If a business clears these three points, it is “EFS-eligible” in principle — meaning a participating bank can route the loan under EFS and EnterpriseSG will share part of the default risk.
Layer 2: Bank-tier underwriting (on top of EFS)
Each EFS-participating bank (DBS, OCBC, UOB, Maybank, CIMB, Standard Chartered, RHB, HLF, GXS) applies its own underwriting policy on top of the EFS framework. Typical bank-tier underwriting bars include:
- Trading history — typically 18–24 months as a Pte Ltd, with filed financials covering at least the most recent full FY.
- Minimum revenue threshold — varies by bank and product. Verify on each bank’s SME page.
- Director profile — SG-resident directors, personal credit profile, NOA via IRAS Source: IRAS — NOA ↗ .
- Director personal guarantee — standard on every SG bank-tier SME loan.
- Bank statements + cash-flow analysis — typically last 6–12 months across all corporate bank accounts.
- Specific product covenants — e.g. property-loan LTV caps, equipment-finance asset-class restrictions.
A business that clears EFS eligibility but fails a specific bank’s underwriting bar can still apply to a different EFS-participating bank with a different underwriting policy — this is one of the reasons cross-bank comparison matters.
Layer 3: Alt-lender flexibility
SG alt-lenders — Bizcap, Funding Societies, Aspire, Validus, Lendingpot, Aspial Financial, GXS — have more flexible underwriting that typically does not require:
- 2 years of trading history (some accept 6 months)
- Filed audited financials (bank statements + management accounts often sufficient)
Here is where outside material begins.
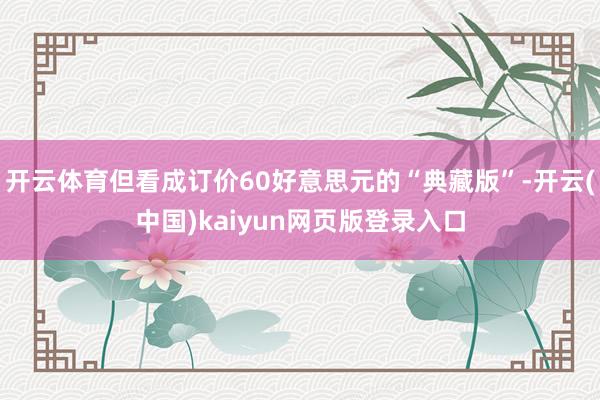 开云体育但看成订价60好意思元的“典藏版”-开云(中国)kaiyun网页版登录入口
- EFS eligibility (alt-lender products are typically non-EFS, so the 30% local shareholding rule from EnterpriseSG doesn’t apply at the product level — but each lender may still have its own SG-business test)
The trade-off: higher pricing, smaller ticket sizes, sometimes shorter tenor. For businesses that can clear bank-tier underwriting, EFS-backed bank loans are usually the cheaper route. For businesses that can’t, alt-lenders are the realistic path.
Documentation checklist (full set)
- ACRA business profile (BizFile) confirming SG registration + shareholding structure
- Filed financial statements (for entities required to file under ACRA)
- Corporate bank statements (typically 6–12 months)
- GST returns (if GST-registered, turnover > S$1M)
- Director NOAs via IRAS
- Director NRICs (subject to PDPA NRIC handling rules under the PDPA 2012 framework Source: PDPC — PDPA Advisory ↗ )
- Business purpose / use-of-funds statement
- For EFS routes: confirmation of 30% local shareholding (EnterpriseSG criterion)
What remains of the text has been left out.